[Intel-xe] [PATCH v3] drm/xe: Fix pagefault and access counter worker functions

Fri Nov 3 19:21:21 UTC 2023

On 11/3/2023 7:58 AM, Summers, Stuart wrote:
> On Thu, 2023-11-02 at 18:43 -0700, Brian Welty wrote:
>> When processing G2H messages for pagefault or access counters, we
>> queue a
>> work item and call queue_work(). This fails if the worker thread is
>> already
>> queued to run.
>> The expectation is that the worker function will do more than process
>> a
>> single item and return. It needs to either process all pending items
>> or
>> requeue itself if items are pending. But requeuing will add latency
>> and
>> potential context switch can occur.
>>
>> We don't want to add unnecessary latency and so the worker should
>> process
>> as many faults as it can within a reasonable duration of time.
>> We also do not want to hog the cpu core, so here we execute in a loop
>> and requeue if still running after more than 20 ms.

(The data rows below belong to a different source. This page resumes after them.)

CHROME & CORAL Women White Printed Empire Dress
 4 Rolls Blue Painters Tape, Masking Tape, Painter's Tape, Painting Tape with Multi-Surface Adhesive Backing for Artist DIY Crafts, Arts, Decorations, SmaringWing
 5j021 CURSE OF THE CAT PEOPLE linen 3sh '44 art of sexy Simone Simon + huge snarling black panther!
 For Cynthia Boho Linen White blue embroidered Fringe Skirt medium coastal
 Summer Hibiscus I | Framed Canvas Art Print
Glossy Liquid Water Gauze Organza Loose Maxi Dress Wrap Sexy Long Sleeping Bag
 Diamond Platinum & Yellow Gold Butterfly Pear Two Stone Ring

>> This seems reasonable framework and easy to tune this further if
>> needed.
>>
>> This resolves issues seen with several igt at xe_exec_fault_mode
>> subtests
>> where the GPU will hang when KMD ignores a pending pagefault.
>>
>> v2: requeue the worker instead of having an internal processing loop.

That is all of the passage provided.